Work order =
Restate, exactly as written, the entries below from the line that holds "Перед заливкой нового" through the line that holds "Volkswagen Golf 1.5". Pictures are not part of the copy.

---------- The data ----------

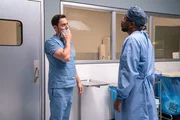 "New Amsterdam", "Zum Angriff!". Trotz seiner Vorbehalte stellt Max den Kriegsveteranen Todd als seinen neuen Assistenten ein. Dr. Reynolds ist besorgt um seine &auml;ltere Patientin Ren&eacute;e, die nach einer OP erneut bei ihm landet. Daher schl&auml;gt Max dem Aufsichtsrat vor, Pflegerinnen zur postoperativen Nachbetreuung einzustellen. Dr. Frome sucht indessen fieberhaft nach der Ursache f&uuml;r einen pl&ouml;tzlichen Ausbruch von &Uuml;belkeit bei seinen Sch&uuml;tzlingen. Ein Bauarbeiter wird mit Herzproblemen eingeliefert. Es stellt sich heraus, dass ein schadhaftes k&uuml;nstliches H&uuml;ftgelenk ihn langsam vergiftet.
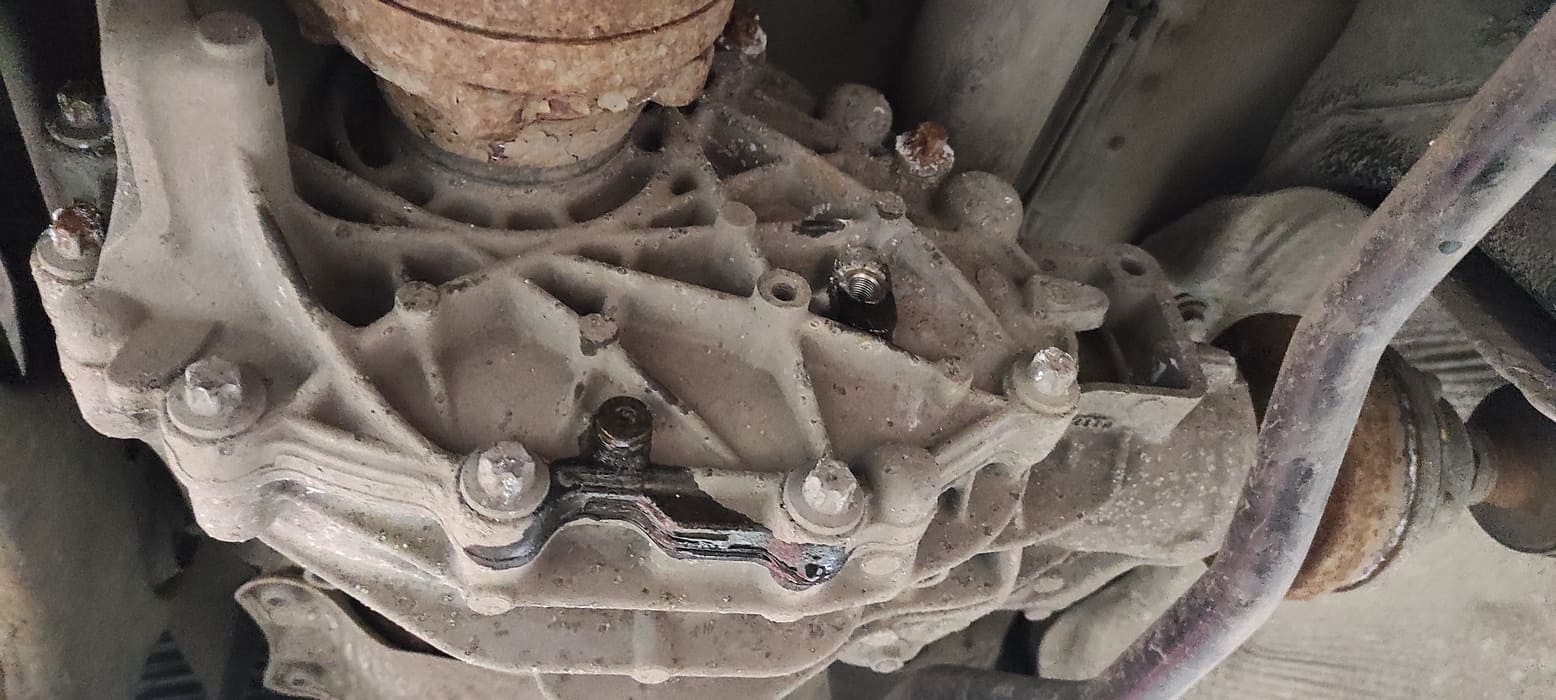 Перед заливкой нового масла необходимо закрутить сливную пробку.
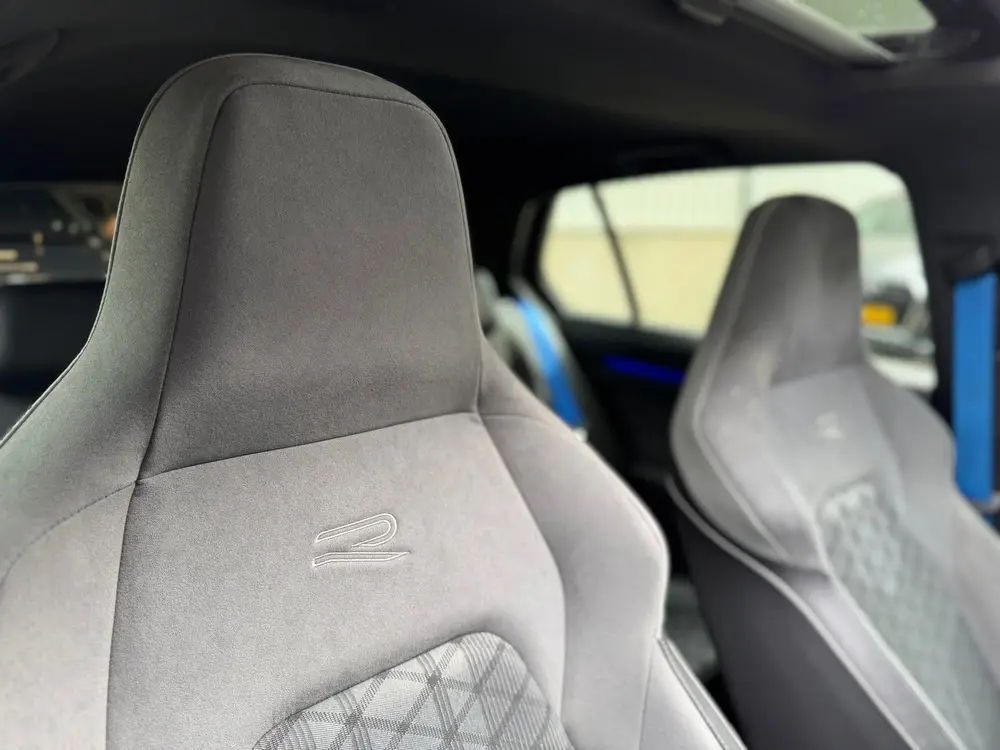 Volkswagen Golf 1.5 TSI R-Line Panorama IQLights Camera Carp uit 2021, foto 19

----------
---------- The data ----------

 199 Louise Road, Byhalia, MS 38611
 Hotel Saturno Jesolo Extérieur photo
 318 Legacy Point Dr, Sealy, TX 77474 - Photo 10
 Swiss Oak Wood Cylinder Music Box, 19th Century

----------

Answer to this problem =
 Перед заливкой нового масла необходимо закрутить сливную пробку.
 Volkswagen Golf 1.5 TSI R-Line Panorama IQLights Camera Carp uit 2021, foto 19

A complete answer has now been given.